Mucize yok LK-99 süper iletken rüyası bitti

Bilim dünyası insanlığı bilinmeyen bir geleceğe taşıyacak olan LK-99 için ortak görüşe vardı. Dünya çapında bilimsel iş birliği LK-99’un oda sıcaklığında süper iletken olmadığını ortaya çıkardı.

LK-99’a geçmeden önce biraz genel kültür olması açısından bazı bilgilerle başlamak gerek diye düşünüyorum. 1911 yılında Hollandalı fizikçi Heike Kamerlingh Onnes, -269 santigrat dereceye soğutulduğunda cıvanın direncinin sıfıra düştüğünü keşfetti. Bu keşifle bilim dünyası, malzemelerin süper iletken özelliklere sahip olabileceğini ilk kez kanıtlamış oldu. Araştırmacılar daha sonra başka metal ve alaşımların da son derece düşük sıcaklıklarda süper iletken olduğunu keşfetti.
Takvimler 1986 yılını gösterdiğinde bilim insanları, dirençte aynı düşüşü gösteren ancak daha yüksek bir sıcaklıkta – yaklaşık -196°C – bakır oksit sınıfını keşfettiler. Bu malzemeler “yüksek sıcaklık” süper iletkenleri olarak bilinmeye başlandı, ancak yine de donma noktasının çok altında soğutulmaları gerekiyordu. Bu keşif, oda sıcaklığı da dahil olmak üzere daha da sıcak seviyelerde çalışabilecek süper iletkenler bulma yarışını ateşledi.

Onlarca yıl süren araştırmalar ve birden fazla süper iletkenlik iddiaları ortaya çıktı ve unutuldu. Ve nihayet geçen ay, Güney Kore’nin başkenti Seul’deki Kuantum Enerji Araştırma Merkezi’nden bilim insanları, “LK-99” adı verilen bir maddenin 127°C gibi yüksek sıcaklıklarda bile süper iletken özellikler gösterdiğini iddia eden bir ön baskı çalışması yayınladı. Baş araştırmacılar Sukbae Lee ve Ji-Hoon Kim’in (Lee/Kim-99) adını taşıyan malzeme, geniş bir sıcaklık yelpazesinde süper iletkenlik iddia ettiği için kelimenin tam anlamıyla olağanüstüydü.

Bakır, kurşun, fosfor ve oksijenden (Pb8.8Cu1.2P6O25) üretilen mor kristal bir bileşik olan saf LK-99, dünya çapındaki bilim insanları tarafından bir süredir inceleniyor.
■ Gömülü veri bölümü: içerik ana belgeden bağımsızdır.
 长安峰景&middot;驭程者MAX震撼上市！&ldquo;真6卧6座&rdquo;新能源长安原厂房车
Sonuçlar ise bir kez daha hüsran.

Süper iletken değil süper yalıtkan

14 Ağustos’ta Almanya’nın Stuttgart kentindeki Max Planck Katı Hal Araştırmaları Enstitüsü’nden bilim insanları, iddia edilen LK-99’un direncinin 0,02 ila 0,002 ohm-cm’ye düşmek yerine, milyonlarca ohm’da ölçülen dirence sahip olduğunu bildirdi. Bunun anlamı ise şu: Malzeme bırakın süper iletken olmayı aslında tam anlamıyla süper yalıtkan bir yapıya sahip.

Ancak bu durum Lee ve Kim’in LK-99’un süperiletken özelliklerini nasıl gösterdikleri sorusunu gündeme getirdi. Malzemenin bir mıknatısın üzerinde yükselirken Meissner etkisi sergilediğini göstermişlerdi – süper iletken malzemelerin bir işareti. Ayrıca sıfıra yakın dirence doğru kayda değer bir düşüş de vardı.
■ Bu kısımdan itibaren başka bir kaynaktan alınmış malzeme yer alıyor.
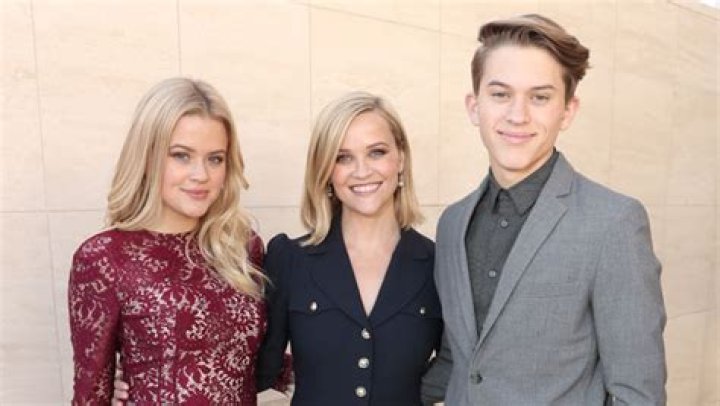 Reese Witherspoon Smiles With Lookalike Kids Ava, 21, & Deacon, 17, As She Says She’s ‘Lucky’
Ancak çalışmanın videosunda gösterilen yarı havalanma, diğer araştırmacıların dikkatini çekti. LK-99 parçacığının bir kenarının mıknatısa nasıl yapıştığını fark eden Harvard Üniversitesi’nden eski bir yoğun madde araştırmacısı olan Derrick van Gennep, gösterilen etkinin ferromanyetizmden kaynakladığını doğruladı. Ferromanyetizma, malzemenin manyetik alan içinde kendiliğinden kalıcı bir manyetik moment oluşturduğu bir özelliktir. Ancak sıcaklık arttığında bu etki yavaş yavaş kaybolur.

LK-99 örneği aslında saf değildi

Bununla birlikte Lee ve Kim’in saf LK-99 ile çalışmadıkları ortaya çıktı zira çalışmada kullanılan numunelerde sülfür izlerine rastlandı. Illinois Üniversitesi’nde kimyager olan Prashant Jain, Lee ve Kim’in LK-99’u sentezlemek için kullandıkları kimyasal reaksiyonun bir bakır-sülfür safsızlığı yarattığını belirtti.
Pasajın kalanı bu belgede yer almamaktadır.